Buying a car is a hard decision. There are just so many variables to think about. We've got to inspect the interior and analyze the engine, and research the reliability of the brand. And then, once we've amassed all these facts, we've got to compare different models.

How do we sift through this excess of information? When consumers are debating car alternatives, studies show that they tend to focus on variables they can quantify, such as horsepower and fuel economy. (Psychologists refer to this as the "anchoring effect," since we anchor our decision to a number.) We do this for predictable reasons. The amount of horsepower directly reflects the output of the engine, and the engine seems like something that should matter. (Nobody wants an underpowered car.) We also don't want to spend all our money at the gas station, which is why we get obsessed with very slight differences in miles per gallon ratings.

Furthermore, these numerical attributes are easy to compare across cars: All we have to do is glance at the digits and see which model performs the best. And so a difficult choice becomes a simple math problem.

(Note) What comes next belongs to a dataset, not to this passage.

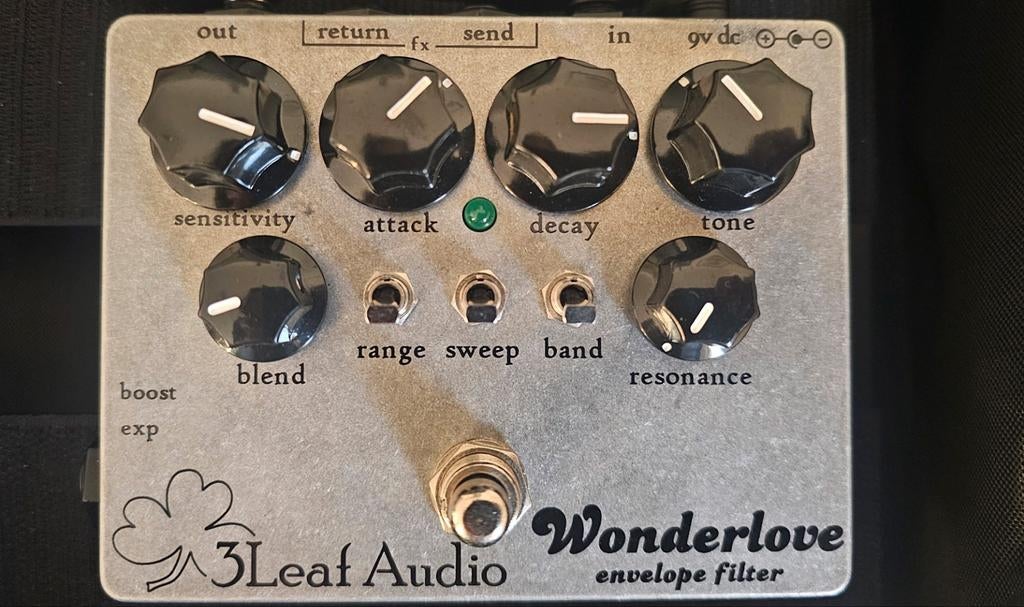 3leaf audio wonderlove envelope filter, Ophalen of Verzenden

Unfortunately, this obsession with horsepower and fuel economy turns out to be a big mistake. The explanation is simple: The variables don't matter nearly as much as we think.^^ Just look at horsepower: When a team of economists analyzed the features that are closely related to lifetime car satisfaction, the power of the engine was near the bottom of the list. (Fuel economy was only slightly higher.) That's because the typical driver rarely requires 300 horses or a turbocharged V-8. Although we like to imagine ourselves as Steve McQueen, accelerating into the curves, we actually spend most of our driving time stuck in traffic, idling at an intersection on the way to the supermarket. This is why, according to surveys of car owners, the factors that are most important turn out to be things like the soundness of the car frame, the comfort of the front seats and the aesthetics of the dashboard. These variables are harder to quantify, of course. But that doesn't mean they don't matter.

But this is not a column about cars. My worry is that sports teams are starting to suffer from a version of the horsepower mistake. Like a confused car shopper, they are seeking out the safety of math, trying to make extremely complicated personnel decisions by fixating on statistics. Instead of accepting the inherent mystery of athletic talent — or at least taking those intangibles into account — they are pretending that the numbers explain everything. And so we end up with teams that are like the worst kind of car. They look good on paper — so much horsepower! — but they fail to satisfy. The dashboard is ugly, the frame squeaks, and the front seats make our ass hurt.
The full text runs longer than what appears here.